另一头竟已坐着一个女人,用手托着腮帮,笑盈盈地望着他。
娃娃开始哭,露白悄悄地挪了挪位置,仿佛瞧见了一只毒蝎子。
这貌美的女人正是“毒蝎子”杨二娘。
“我以为杨二娘长得也像只蝎子。”初新的第一句话就差点让杨二娘跳起来,可她毕竟是三十几岁的女人,比寻常的姑娘沉得住气。
她没有回应初新,而是打量着露白,最后把目光落在露白怀里的孩子身上。
初新瞬间变了脸色,他害怕杨二娘的目光里有毒。
“你要杀这孩子?”他问。
杨二娘只是向他使了个很媚的眼色,没有回答他的问题。
“回答我!”初新终于忍不住拍桌而起,在那一瞬间,他才发现自己于心理上建立的微弱优势已荡然无存。
被激怒的不是杨二娘,反而是自己。
“别生气呐,坐下。
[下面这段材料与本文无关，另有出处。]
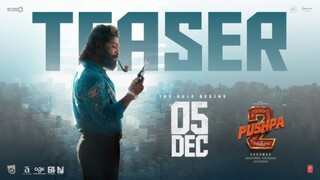 Pushpa 2 The Rule Teaser | Allu Arjun | Sukumar | Rashmika Mandanna | Fahadh Faasil |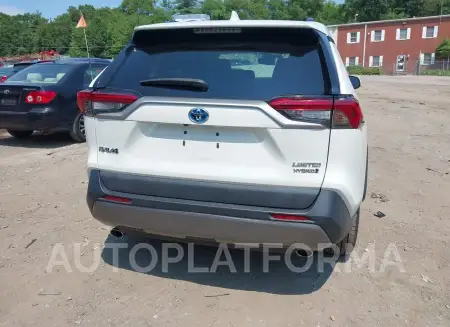 TOYOTA RAV4 HYBRID 2019 vin 2T3DWRFV9KW024495 from auto auction Iaai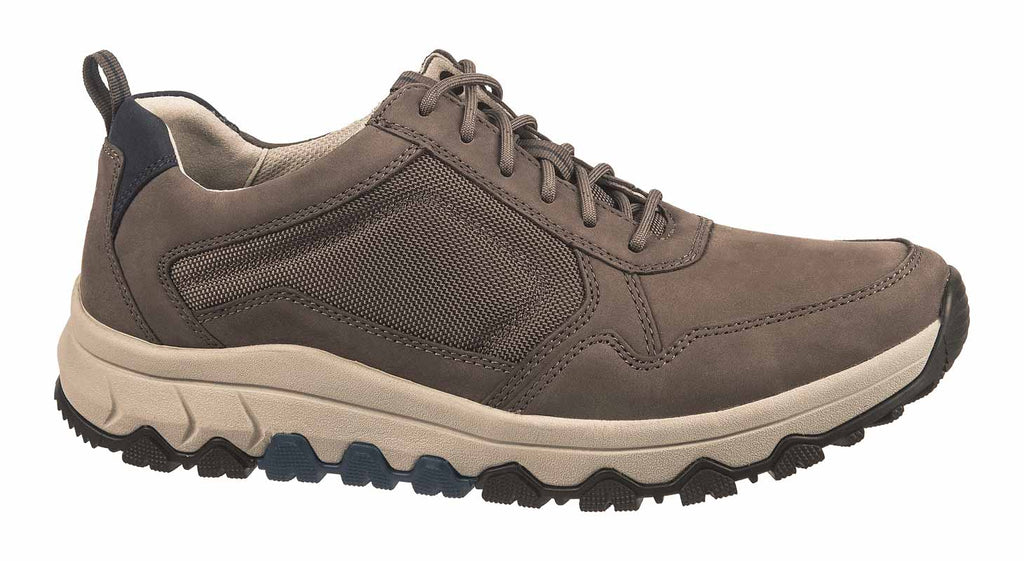 Gabor men's grey nubuck trainer shoes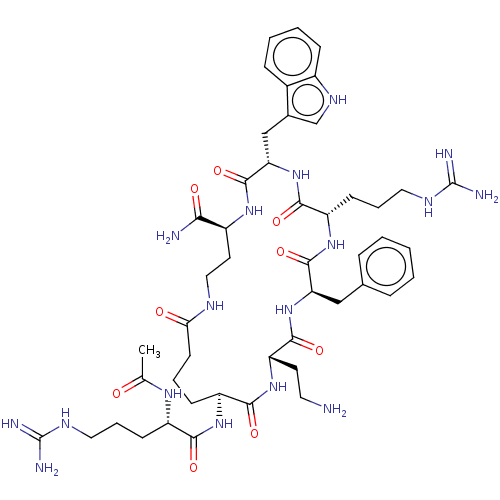 Chemical structure of BindingDB Monomer ID 135742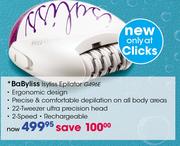Babyliss Isyliss Epilator(G496E)-Each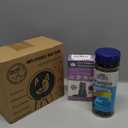 SET OF 3, Pet Care Bundle - Inflatable Dog Recovery Collar + Natural Balance Rewards Minis Dog Treats with Real Turkey + Cat Calming Pheromone Spray (60 days), Expiry: 28/12/2026, Best By: 2025 JUL 18
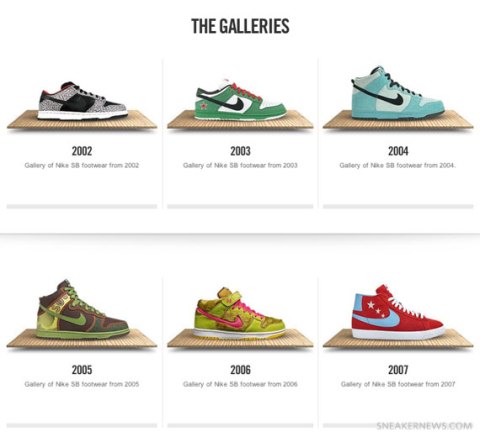 every nike sb shoe ever made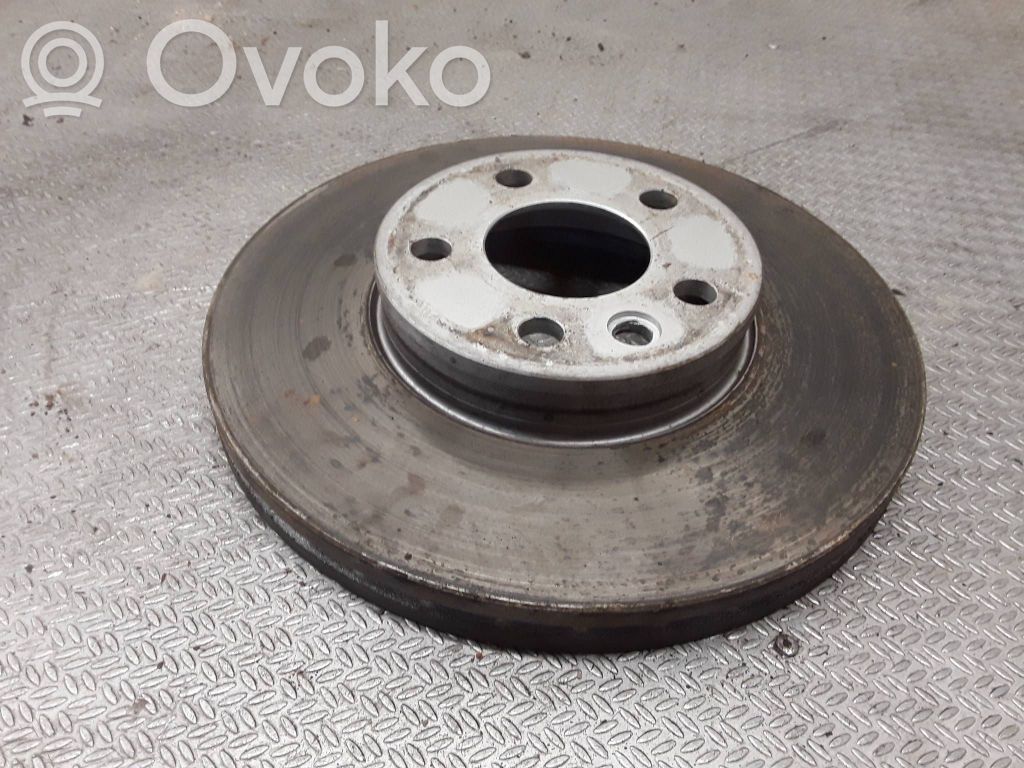 Front brake disc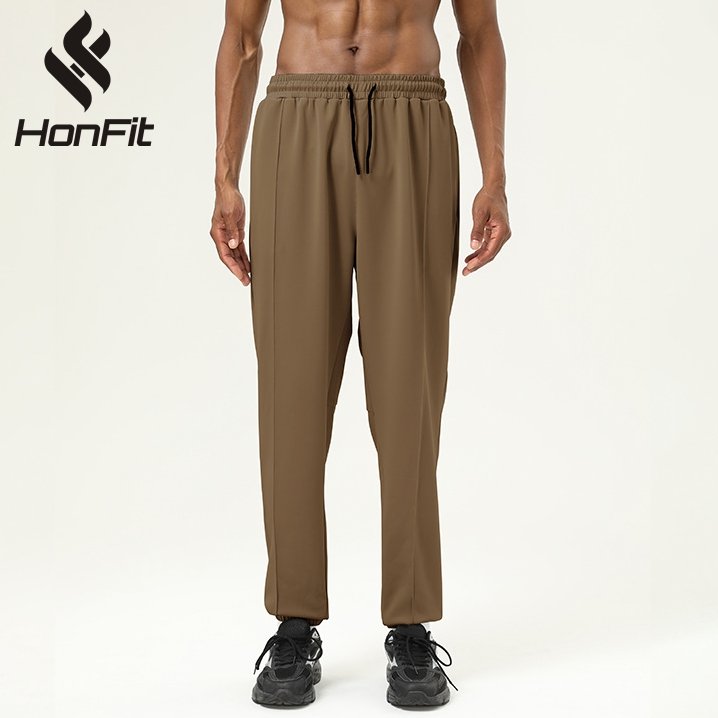 Mens Sports Training 93%polyester 7%spandex Pants SY-B63 print logo 13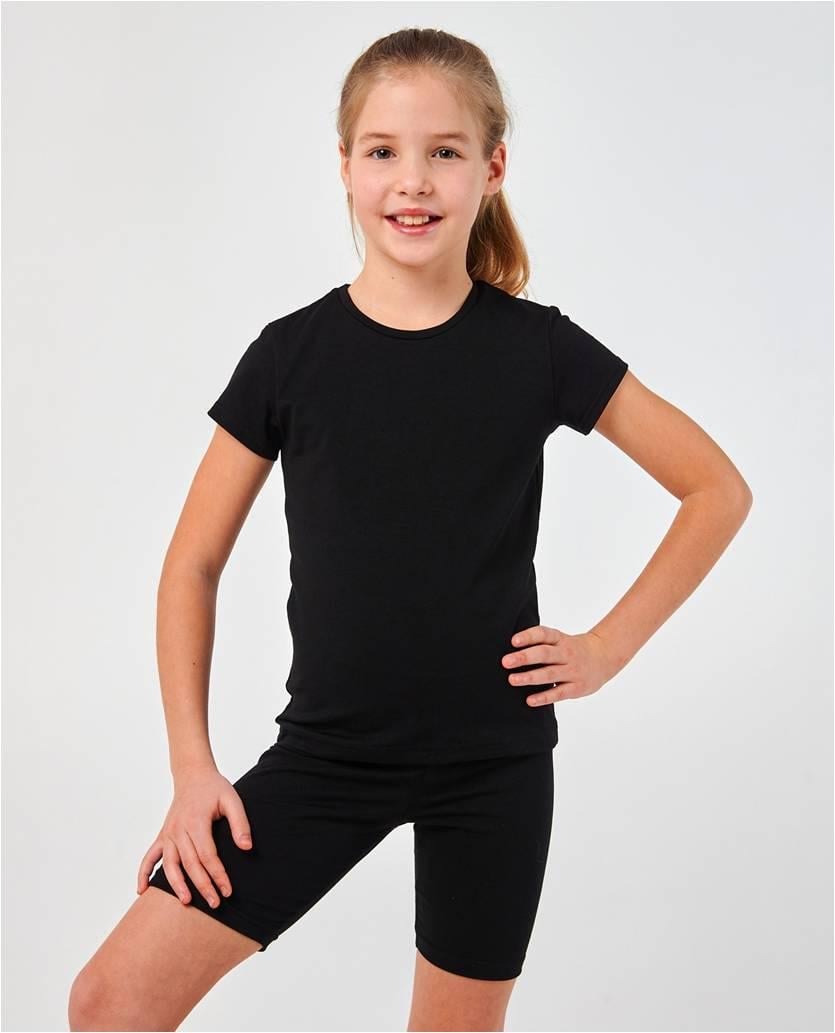 Футболка Smil 116 см Чорний (110766)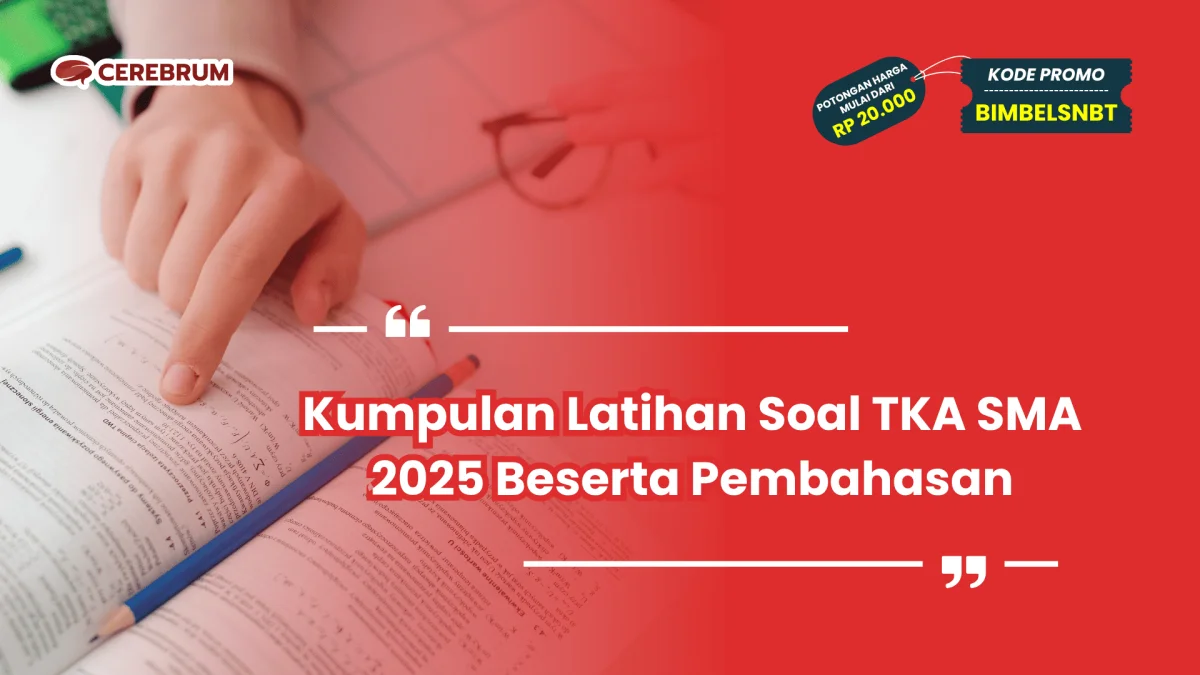 Latihan Soal TKA SMA 2025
”杨二娘的声音同样很好听,可在醉仙楼的这方角落里,她简单的话语却像死神的判词。
初新本已有些困,有些疲惫,却又必须强打精神注意杨二娘的一举一动。
他知道杨二娘随时随地都能用毒,以他绝对想不到的方式。
杨二娘转过头,又一次面朝露白,自言自语般道:“皮肤还真嫩,脸也长得俊俏……”她忽然凑近了些,鼻尖几乎抵到了露白的鼻尖,问道:“如果我让你脸上长满黑疮,变成人见人憎的模样,你会哭吗?”
她的鼻子上会不会也涂了毒药?
露白吓得不轻,边哆嗦边往初新的方向挪。
无论什么样的女孩子,碰到这样的威胁都会害怕的。
祸不单行,她最后的靠山竟然脑袋一沉,栽倒在桌上。
杨二娘在笑。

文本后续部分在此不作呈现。